_YOUR ASSIGNMENT_
All of the data, from the first line to the last, should be reproduced without alteration.

_MATERIAL PROVIDED_

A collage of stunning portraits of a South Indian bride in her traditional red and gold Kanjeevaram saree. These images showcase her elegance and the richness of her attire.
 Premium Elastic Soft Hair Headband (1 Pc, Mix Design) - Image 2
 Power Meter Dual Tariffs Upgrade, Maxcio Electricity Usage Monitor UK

_SOLUTION TO THE EXERCISE_
A collage of stunning portraits of a South Indian bride in her traditional red and gold Kanjeevaram saree. These images showcase her elegance and the richness of her attire.
 Premium Elastic Soft Hair Headband (1 Pc, Mix Design) - Image 2
 Power Meter Dual Tariffs Upgrade, Maxcio Electricity Usage Monitor UK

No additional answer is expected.